I've said it before and I'll say it again: the only way to cut house prices in this area is to destroy the economy. Shut down Boeing, shut down Microsoft, cut the UW in half, shut down Safeco and Honeywell and Paccar and the Port, and you'll be able to buy a great house for almost nothing.

Not long ago we drove through Shelby, Montana, which is a little town on the High Line, and saw in the real estate office there a listing for a four bedroom house for $28,000. We could have bought the cutest little cowboy bar you ever saw for well under a hundred grand. Go for it. Be sure to bring warm clothes; it gets to 40 below in the winter there.

I hear what you're saying, Mickey, and Henry in Green Lake, but it's crazy to blame "the developers". What you're complaining about is happening all over. Go to San Francisco, where you can expect to pay well over a million bucks, with multiple competing bidders, for thrashed-out crack houses in the worst part of the Mission.

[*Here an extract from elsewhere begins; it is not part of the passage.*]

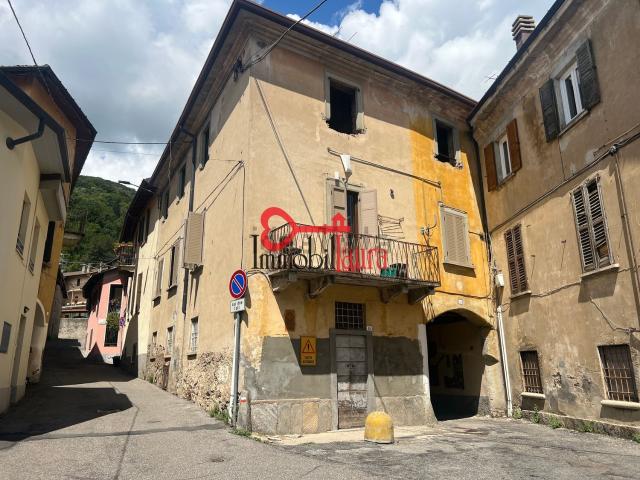 Appartamento in vendita di 165 m² in Via Martinelli Foscarini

This letter is the worst sort of straw-man; it is constructed with a bunch of disparate opinions, all linked together into a single entity, a Seattleite. But, there's no such being. There are only individuals making individual decisions. If you think you can composite these arguments and then extract some unifying "solution" to the problems you identify, you'll continue to be disappointed with politics and civic life. It doesn't work that way.

If you understand that seattle is a great place to live, then understanding the market value of homes here should be just as simple.

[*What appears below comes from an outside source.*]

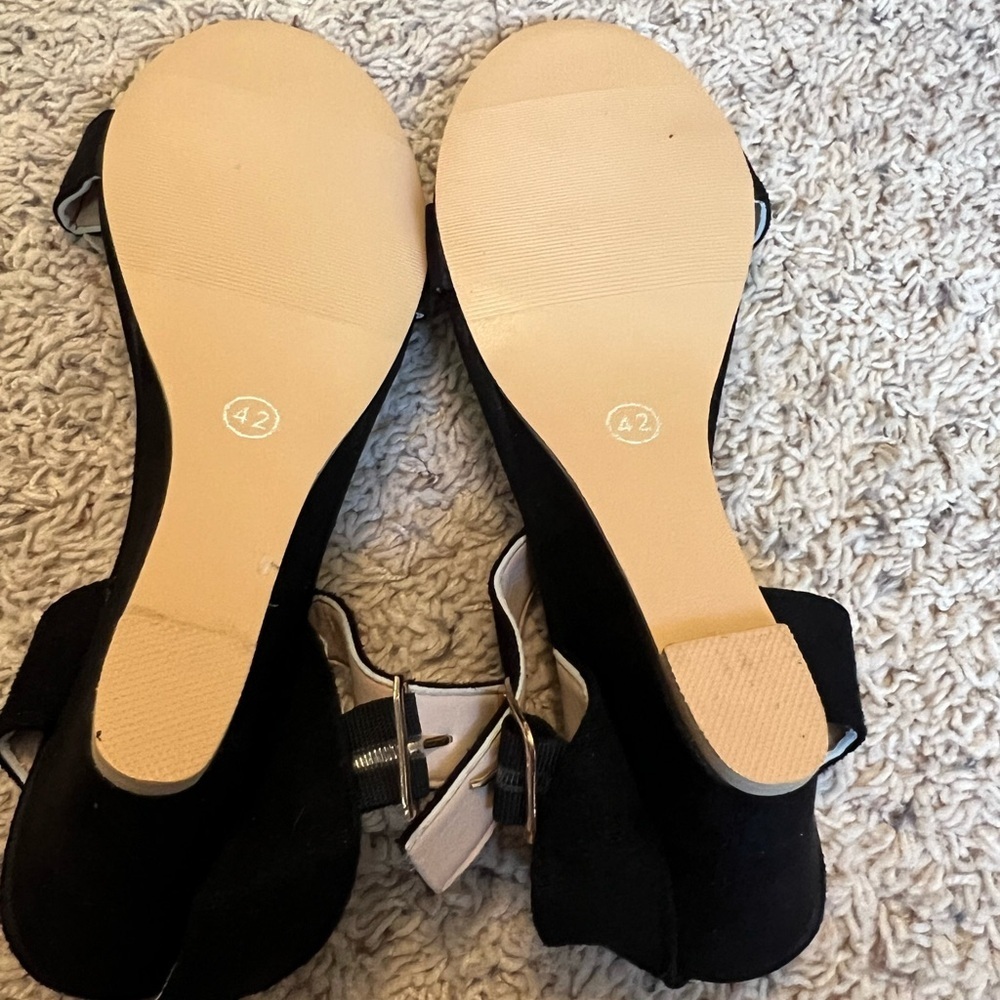 Brand new pair of black strap sandals - Picture 4 of 4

Don't act stupid when you live in the city that employees umpteen thousand techies at amazon, real, etc. etc.

People are making bank, and paying bank for their lovely homes.

Want afordable down fucking town??? Aford more by getting a better job.

Median home prices in Seattle have outpaced median incomes for many years now. Price increases aren't linked to the local economy in any real way.

As far as the "running out of land" theory goes, between 2000 and 2002, the population of Seattle actually *dropped*, and has since grown by only about 1-2% per year. Yet oddly, median home prices have increased by more than 30% during the same period.

Despite what you think you "know" about the local housing market, most of the recent price growth has nothing to do with fundamental economics -- it's pure speculation. People are paying $350,000 for cracker-box condos because they think they will be worth $450,000 next year, not because they think they're worth 350 grand today.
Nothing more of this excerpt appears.